Accessing Data : Joining data sets
 
Joining data sets
The capability to join data sets is a useful and easy way to combine data from two data sources. For example, you can combine data from two XML files, or combine data from a text file with data from a database table. Before joining data sets, you must create the individual data sets. For example, to combine data from an XML file with data from a text file, you must first create the XML data set and the text file data set.
Joining data sets is similar to joining tables in a database, described earlier in “Combining data from multiple tables,” but with the following two limitations:
*You can join only two data sets. In a database, you can join more than two tables.
*You can create only four types of joins: inner, left outer, right outer, and full outer.
The four types of joins you can use to join data sets yield the same results as the similarly-named database joins. The following list summarizes the function of each join type:
*Inner join returns rows from both data sets where the key values match.
*Left outer join returns all rows from the first data set, even if there are no matches in the second data set.
*Right outer join returns all rows from the second data set, even if there are no matches in the first data set.
*Full outer join returns all rows from both data sets, even if there are no matches in either data set.
Like the database joins, you must specify a column on which to join the two data sets. Joining two data sets creates a BIRT object called a joint data set.
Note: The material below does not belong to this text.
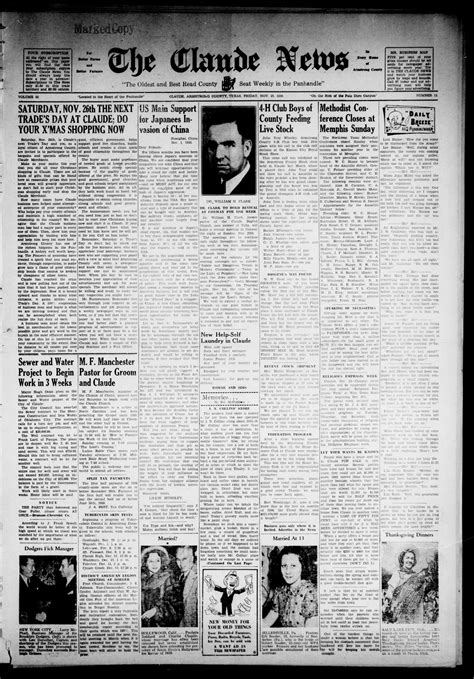 The Claude News (Claude, Tex.), Vol. 50, No. 13, Ed. 1 Friday, November 25, 1938 - The Portal to ...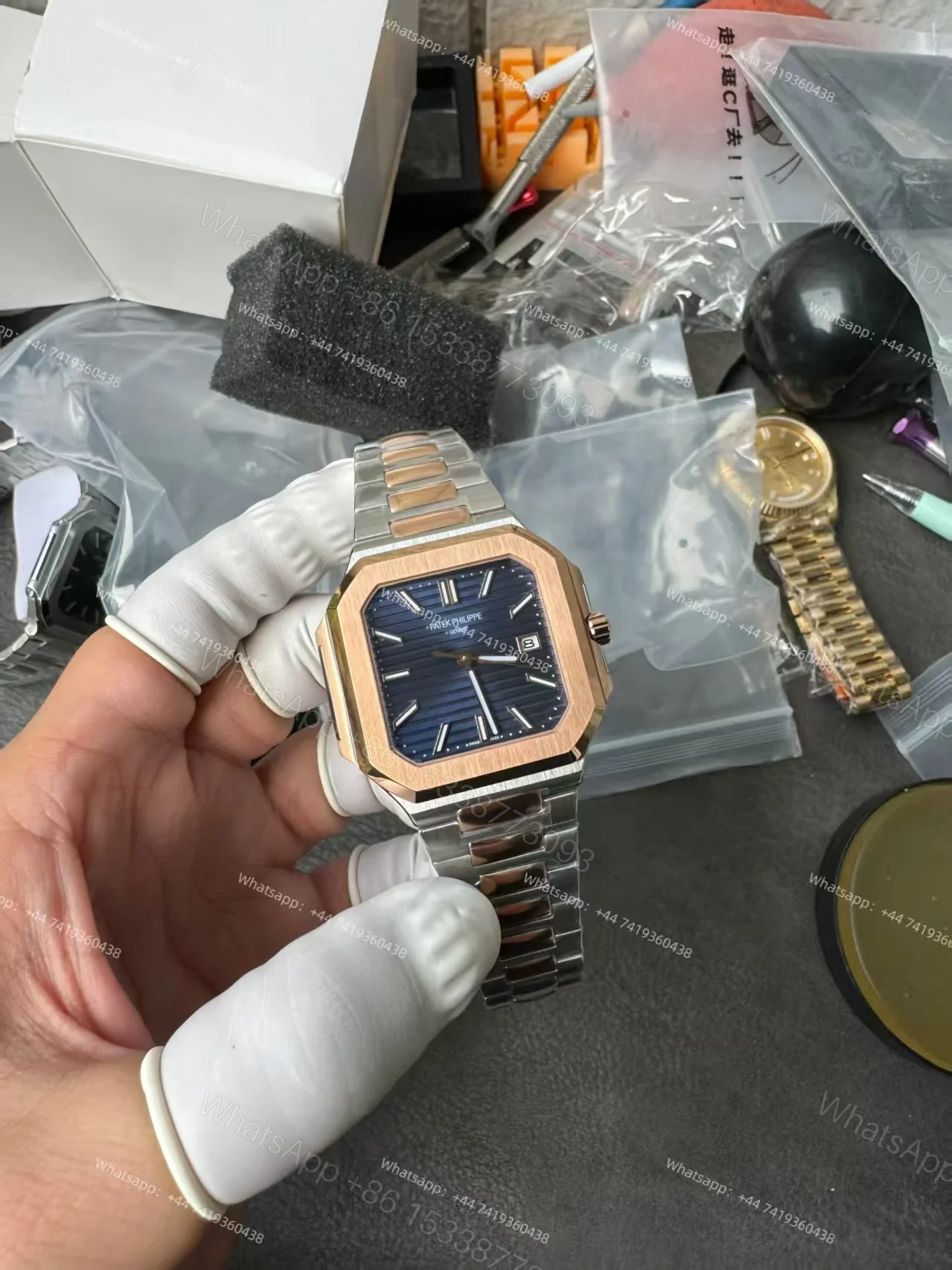 View 2 of Patek Philippe Super Clone Cubitus 5821/1AR-001 Gold & Steel Blue Dial 45MM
Just as you can with a regular data set, you can add computed columns and filters to a joint data set, and preview the results it returns. Once you understand the concepts of joining data sets, you can be creative about combining data from more than two sources, assuming that the data from the various sources relate in some way.
Although each joint data set can join only two data sets, you can use a joint data set as one or both of those data sets. For example, you can create joint data set A and joint data set B, then join both of them. Doing so, in effect, combines data from four data sets. Figure 4‑84 illustrates this concept.
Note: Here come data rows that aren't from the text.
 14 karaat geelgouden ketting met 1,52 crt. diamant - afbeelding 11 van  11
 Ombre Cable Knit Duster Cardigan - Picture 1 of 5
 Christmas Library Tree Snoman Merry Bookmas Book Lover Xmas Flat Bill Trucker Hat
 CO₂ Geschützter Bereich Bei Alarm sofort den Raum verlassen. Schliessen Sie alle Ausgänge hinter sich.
As Figure 4‑84 also shows, each data set can return data from different types of sources. You could also use joint data sets to join multiple tables in a single database. For performance reasons, however, this technique is not recommended. Where possible, you should always join multiple tables through the SQL SELECT statement, as described earlier in this chapter.
You should create joint data sets only to:
*Combine data from disparate data sources.
*Combine data from non-relational data sources, such as XML or text files.